Babcock v. Chicago Rys. Co., 325 Ill. 16, has, we think, made it unnecessary to discuss the many cases cited. That latest expression of the opinion of the Supreme Court clearly shows that the trustees in an agreement of the kind which we must here construe are the legal owners of the stock and that no question, therefore, of revocable or irrevocable proxies can arise, and, moreover, that the question of whether a trust agreement of this kind is legal or illegal must be determined by the purpose for which it is made. See also Thompson v. J. D. Thompson Carnation Co., 279 Ill. 54; Babcock v. Chicago Rys. Co., 236 Ill. App. 360, all of which seem to sustain the general rule announced in 3 Cook on Corporations, § 622f, p. 2235, where, after a review of the cases, the author says:
“The above decisions seem to lead to the conclusion that a deposit of certificates of stock with trustees for a specified period of time, either with or without a transfer of the same to the trustees, is legal, and is not in violation of the usual statute against restraints on the alienation of personal property; and is not opposed to public policy as a restraint upon trade; and is not an implied fraud upon stockholders who are not allowed to participate; and is not an illegal separation of the voting power from the ownership of the stock; provided always that no actual fraud is involved in the transaction. In other words, such a pooling of stock is not illegal in itself, but, like all contracts, may be illegal if actual fraud is involved.”
There is no claim in this case that there was any intention on the part of anyone to perpetrate a fraud of any kind. We have not overlooked, although we have not discussed, the contention of Mrs. Boyle that clause 4 is void or nonoperative because it expresses merely what the law decrees without it; that clause 4 does not operate inter vivos but that it takes effect at death; that it is therefore testamentary and is void, not being executed with the formalities of a will, and that the clause directing the interest to go by the laws of descent — if it can be considered at all — is a grant inter vivos to persons who cannot come into existence until the death of Thomas Smyth, for no one can be the heir or next of kin of a living person.
Most of the cases cited by appellant to these points are clearly not applicable, and the others must be considered as sufficiently answered by the opinion of the Supreme Court in Merchants’ Loan é Trust Co. v. Patterson, supra, which we have already discussed.

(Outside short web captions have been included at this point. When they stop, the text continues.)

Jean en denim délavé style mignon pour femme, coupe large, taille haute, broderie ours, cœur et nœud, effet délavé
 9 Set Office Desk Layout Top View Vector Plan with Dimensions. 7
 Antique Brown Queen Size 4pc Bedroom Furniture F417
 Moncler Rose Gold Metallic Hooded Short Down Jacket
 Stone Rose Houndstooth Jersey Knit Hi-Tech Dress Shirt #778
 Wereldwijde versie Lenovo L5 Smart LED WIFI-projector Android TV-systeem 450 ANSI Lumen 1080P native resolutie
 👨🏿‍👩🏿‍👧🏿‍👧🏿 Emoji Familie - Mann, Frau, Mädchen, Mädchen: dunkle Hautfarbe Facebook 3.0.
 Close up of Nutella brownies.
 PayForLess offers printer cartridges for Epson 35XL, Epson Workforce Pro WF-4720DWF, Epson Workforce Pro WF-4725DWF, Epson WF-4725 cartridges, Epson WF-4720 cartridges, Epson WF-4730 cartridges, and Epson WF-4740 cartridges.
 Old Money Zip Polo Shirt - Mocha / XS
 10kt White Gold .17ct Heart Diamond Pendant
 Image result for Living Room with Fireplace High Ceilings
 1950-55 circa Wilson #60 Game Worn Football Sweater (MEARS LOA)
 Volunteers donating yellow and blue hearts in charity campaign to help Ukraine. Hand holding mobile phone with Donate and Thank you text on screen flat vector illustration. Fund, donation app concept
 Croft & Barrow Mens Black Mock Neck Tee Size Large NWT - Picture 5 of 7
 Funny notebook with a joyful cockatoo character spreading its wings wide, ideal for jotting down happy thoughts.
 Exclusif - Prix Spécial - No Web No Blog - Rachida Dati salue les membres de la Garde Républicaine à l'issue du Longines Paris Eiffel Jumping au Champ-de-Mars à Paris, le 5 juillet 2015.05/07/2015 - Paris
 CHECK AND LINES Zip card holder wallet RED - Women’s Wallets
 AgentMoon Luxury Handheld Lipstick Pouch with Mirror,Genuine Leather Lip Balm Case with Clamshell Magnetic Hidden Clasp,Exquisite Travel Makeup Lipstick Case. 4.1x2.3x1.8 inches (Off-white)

That case must also, we think, be considered a sufficient answer to the further claim that clause 4 is not a power of appointment, because such a power must proceed from an owner to one not an owner, in support of which Heinemann v. DeWolf, 25 R. I. 243, and Freme v. Clement, 18 L. R. Ch. Div. 499, are cited. Any attempt to distinguish between the meaning of the word “power” and the word “disposition” would partake very much of the nature of a disquisition on the subject of how many angels could dance on the point of a needle. In 21 R. C. L. 772, we find;
“A power is defined as a liberty or authority reserved by, or limited to, a person to dispose of real or personal property for his own benefit, or for the benefit of others, and operating on an estate or interest, vested either in himself or in some other person; the liberty or authority, however, not being derived out of such estate or interest, but overreaching or superseding it, either wholly or partially”
The language of clause 4 of the trust agreement, giving the subscriber the right to dispose of his right, title and interest in case of death, cannot be construed as anything else than a power.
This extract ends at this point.